監査法人に対しては、有事においてこそ相談すべきだと思います。

目的は事実を解明して通常状態に回帰することですから、有報も期限内に提出するに越したことはないし、それが一つの目標とされるべきですよね。

これは、確かに言われてみればそうなのですが、実際に調査する側になると、陥ってしまいがちな罠です。

事例1-7-1 不適切な計画管理

I社から不正調査の打診を受けたJ会計事務所は、事案の複雑性に比して報告期限が近い案件で、かつ、不正調査の経験豊富な人員が他の案件対応のため関与できない状況であったにもかかわらず、若手に経験を積ませたいと考えて当該不正調査を受嘱したため、若手の不正調査チームは試行錯誤しながら不正調査を実施することになった。結果、報告書の提出期限に間に合わず、I社の適時開示は延期されることになった。

J会計事務所の若手が気の毒過ぎますね・・・

見る感じ、相当残業させられてそうですが・・・。

会計事務所ってこういうところがありますね。正直、よく聞く話です。

事務所のトップの仕事の見極めというのは非常に重要だと痛感します。

つまり、できもしない仕事は取らない。

あらゆる事故のもとになりますので。

事例2-1 インタビューの結果に過度に依存した結論付け

T会計事務所は、インタビュー対象者を選定するに当たり、調査委員であるS社役員によりインタビュー候補者を通知され、これに従ってインタビューを実施し、その結果のみに基づいて不正行為はない旨結論付けた。
これに対し、U会計事務所の調査においては、インタビューのみならず、書類の査閲・分析、取引先に対する反面調査等の調査手続を追加で実施した結果、実態を解明することができ、不正行為の特定に至った。

これは実は監査でもあるあるですね・・・。

ヒアリングの証拠力は弱いので、かならずエビデンスを確認しましょうという話。

”不正の手口に有効な複数の手続を実施し、仮説を検証することが想定されており、インタビューの実施のみで結論を得ることは到底できない。”という指摘は、胸に響きます。

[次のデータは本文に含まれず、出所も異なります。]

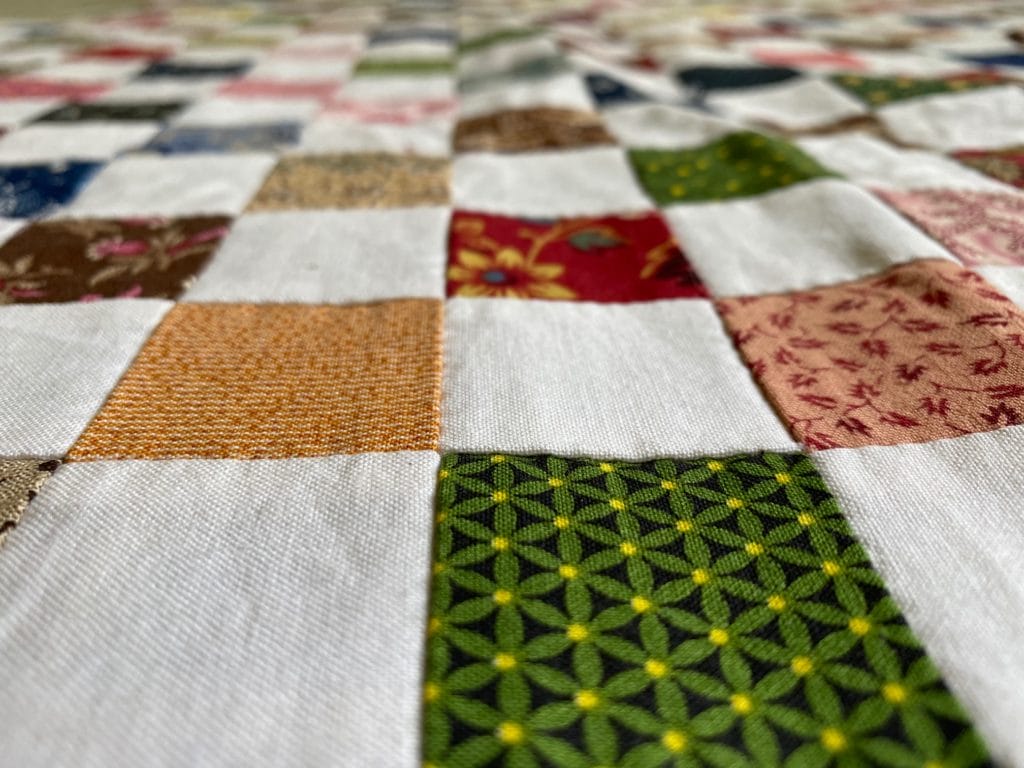Close up of postage stamp quilt project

同様に、”サンプリングされた抽出取引の調査のみによって結論を推定することは妥当ではない。 ”とも指摘されており、

不正調査=仮説検証アプローチによる実態解明目的、監査=リスクアプローチによる保証目的という根本的な相違があるため、不正の調査においては通常サンプリングにより推定して結論を形成するものではないため、十分に気を付けてくださいというメッセージが込められています。

まとめ

いかがでしたでしょうか。

今回のは、一部の事例にすぎません。ぜひ報告書をご覧になってみてください。

近年企業不正が起こるたびに、第3者委員会が立ち上げられ、その結果は公表されることになります。

そこで得られた結論をもとに物事が動いていくわけですが、

再調査を余儀なくされたりする事案や、第3者の体をなしていないと指摘される案件もチラホラ聞きます。

明日は我が身ではないですが、いつどこでそのような業務にアサインされないとも限らないですので、今回の研究報告の内容は、肝に銘じておきたいところです。